> [TASK STATEMENT]: Except for the pictures, output the records in full and exactly.

TASK DATA section start

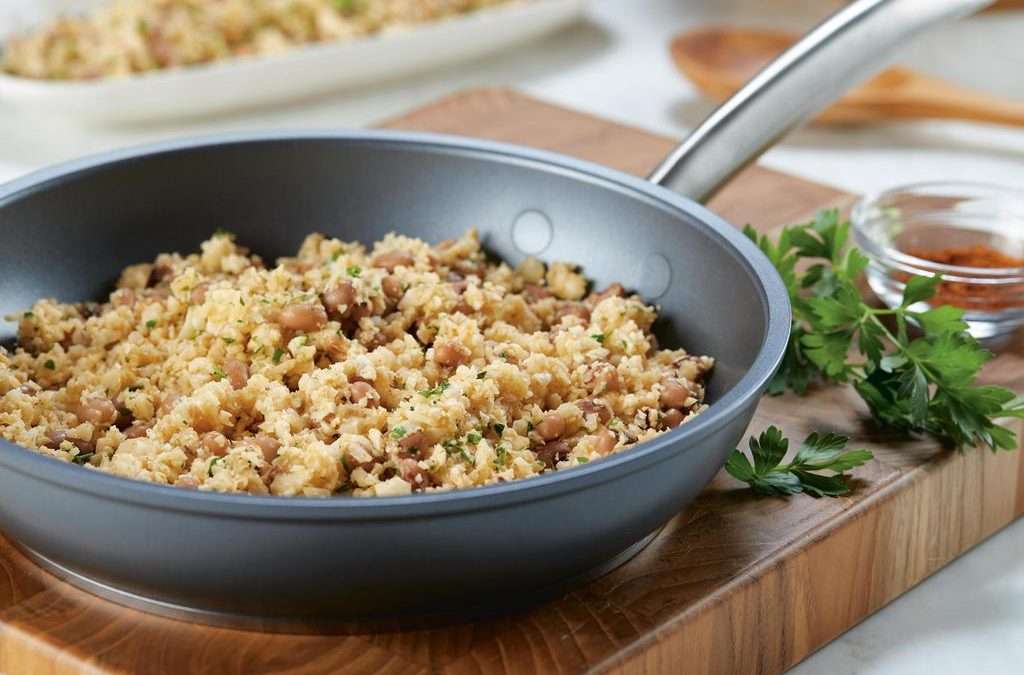 Featured image for “Cauliflower “Rice and Beans””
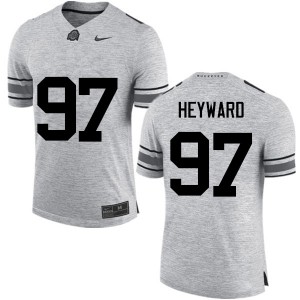 #97 Cameron Heyward OSU Buckeyes Men Football Jerseys Gray
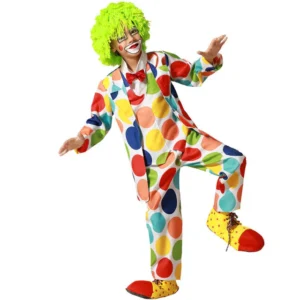 DISFRAZ DE PAYASO A LUNARES NIÑO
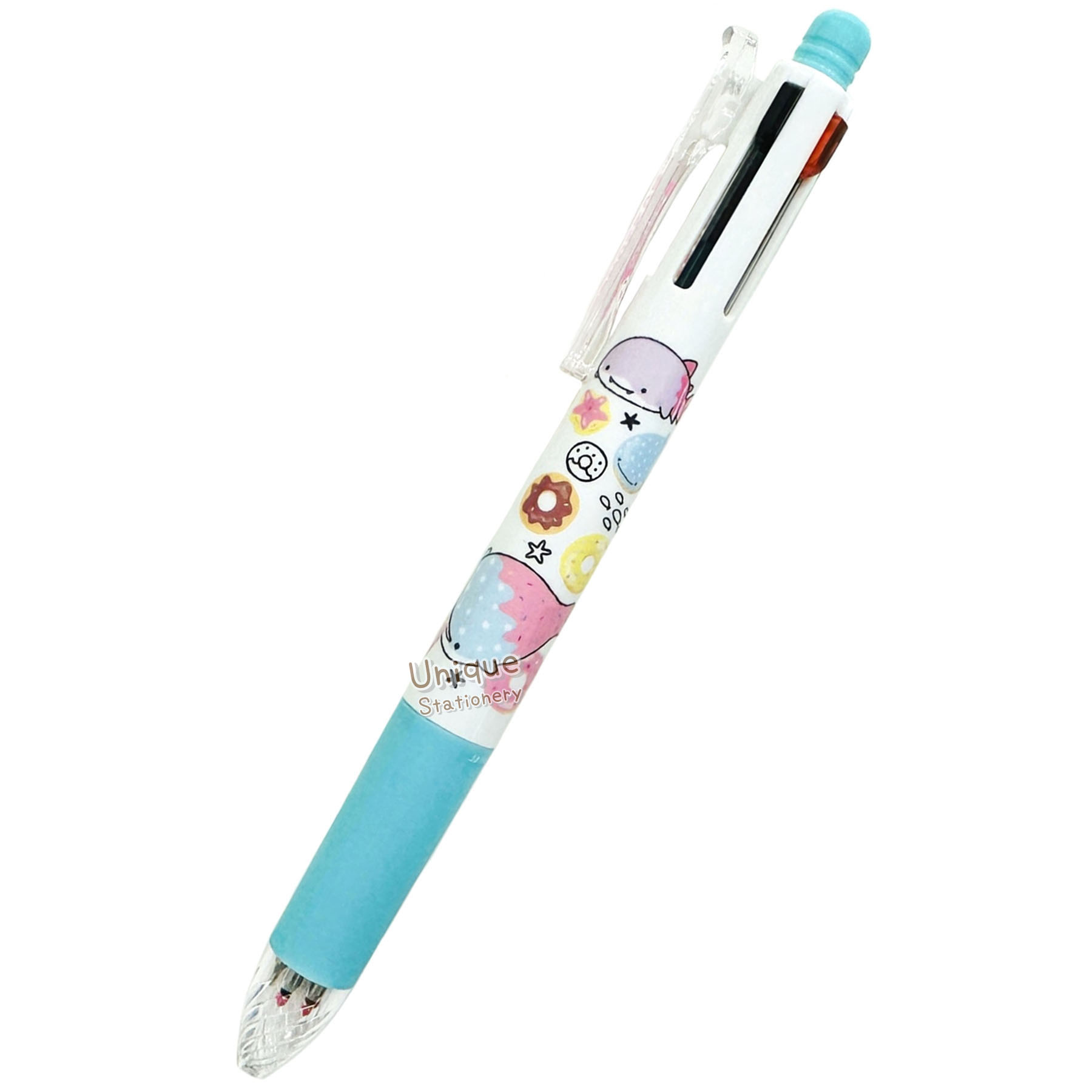 現貨｜San-X Jinbesan 鯨鯊先生 日本製 Zebra SARASA multi 4+1 多功能5用筆 4色啫喱筆+鉛芯筆 (PR16301)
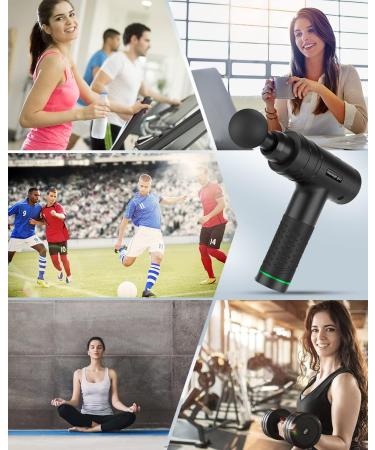 Uplayteck Massage Gun - 30 Speeds 8 Heads Ultra Quiet LED Display - Best Deep Tissue Muscle Massager for Neck Back & Shoulders - International Shipping Available - Buy Online on GoSupps.com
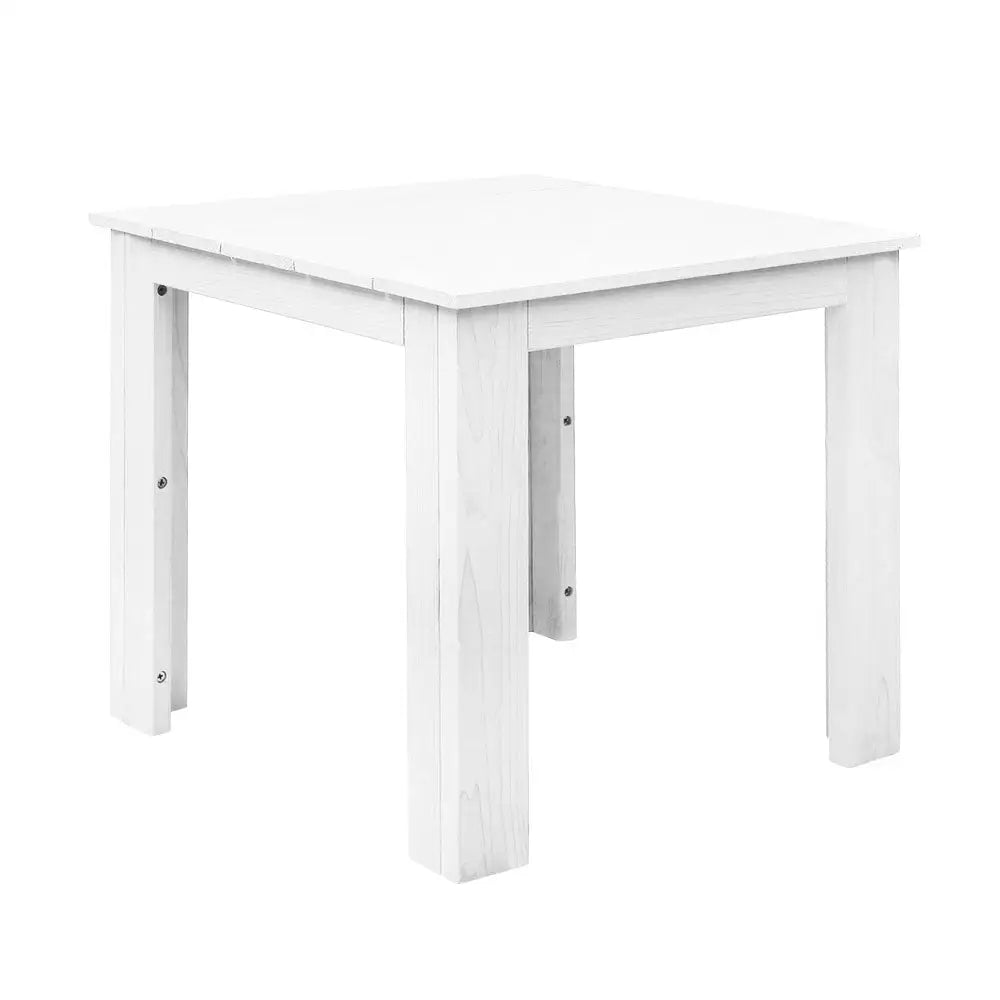 Gardeon Coffee Side Table Wooden Desk Outdoor Furniture Camping Garden White - Furniture > Outdoor > Outdoor Tables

TASK DATA section end

> [ANSWER]:
 Featured image for “Cauliflower “Rice and Beans””
 #97 Cameron Heyward OSU Buckeyes Men Football Jerseys Gray
 DISFRAZ DE PAYASO A LUNARES NIÑO
 現貨｜San-X Jinbesan 鯨鯊先生 日本製 Zebra SARASA multi 4+1 多功能5用筆 4色啫喱筆+鉛芯筆 (PR16301)
 Uplayteck Massage Gun - 30 Speeds 8 Heads Ultra Quiet LED Display - Best Deep Tissue Muscle Massager for Neck Back & Shoulders - International Shipping Available - Buy Online on GoSupps.com
 Gardeon Coffee Side Table Wooden Desk Outdoor Furniture Camping Garden White - Furniture > Outdoor > Outdoor Tables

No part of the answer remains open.